92 yaşındaki baronun cenazesi, müşterilerin hayret dolu bakışları altında ve dünya otelcilik geleneklerini hiçe sayarak otelin ana kapısından çıkarıldı. Ve bu feodal toprak ağasının uçsuz bucaksız topraklarının olduğu Castelvetrano köyüne gönderildi.
Baron Di Stefano, kentte yaşayan en büyük mafya efsanesiydi. Kimilerine göre göz koyduğu bir kadın, kimilerine göre bir toprak davası yüzünden mafya ile başı derde giren barona, babalar, yıllar önce gözdağı vermişler:
"Ya burdan çek, git; ya da seni yaşatmayız!"

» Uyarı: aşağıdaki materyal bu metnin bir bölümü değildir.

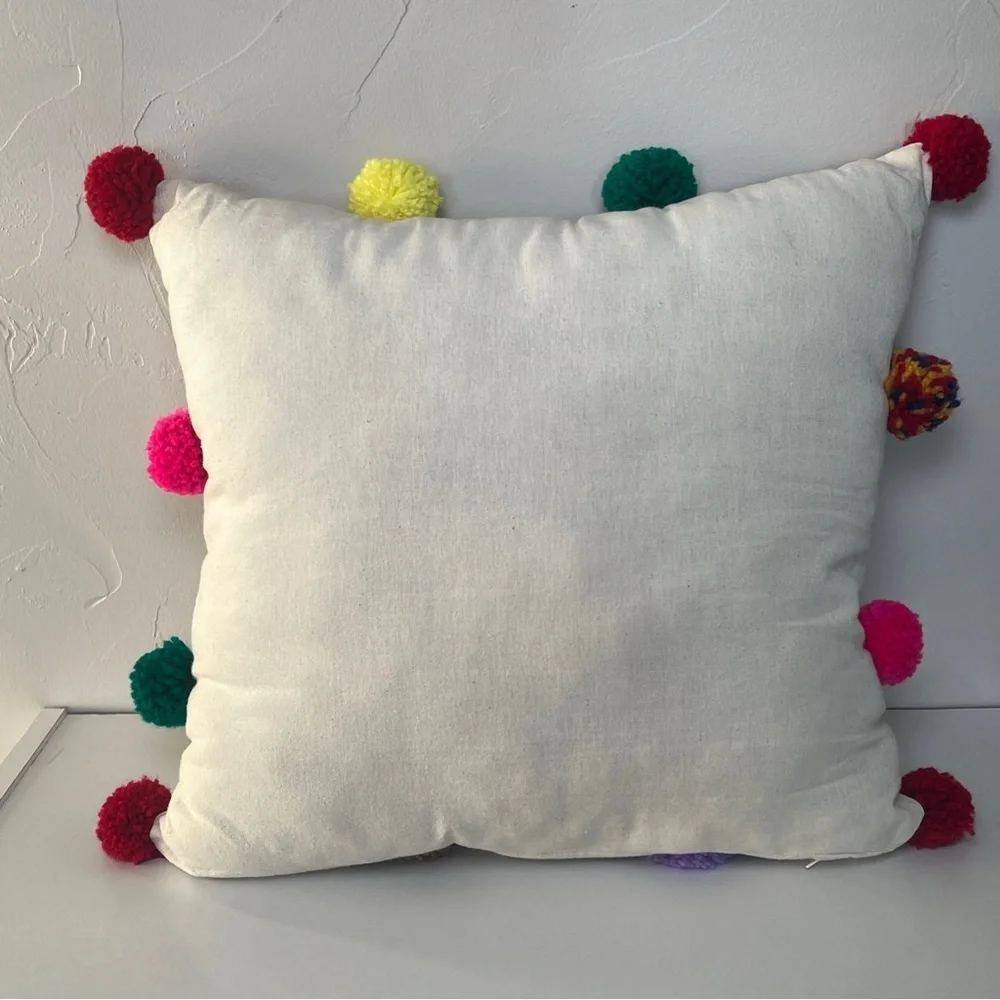 Eclectic Array Vibrant Colorful Cactus Accent Pillow Multicolor Pom-Pom (16x16)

Bu tehdit üstüne Palermo'ya gelen ve kentin en görkemli oteline yerleşen
Baron Di Stefano, sırlarıyla inzivaya çekilmiş. Ve ölene dek, 50 yıl boyunca
"Grandes Hotel et des Palmes"in 204 numaralı
"süit"inde yaşamış.
On yıl önce Palermo'ya ilk gittiğimde, otelin barmeni
Toto anlatmıştı. İlkpeşin bu öyküyü. Hayal gücü kuvvetli bir yazarın kaleminden çıkmış bir hikaye gibi gelmişti önce duyduklarım. Ama resepsiyon şefinden, otelin önündeki taksilerin şoförlerine dek, herkes Palermo'da Baron'un bu inanılmaz öyküsünden söz ediyordu.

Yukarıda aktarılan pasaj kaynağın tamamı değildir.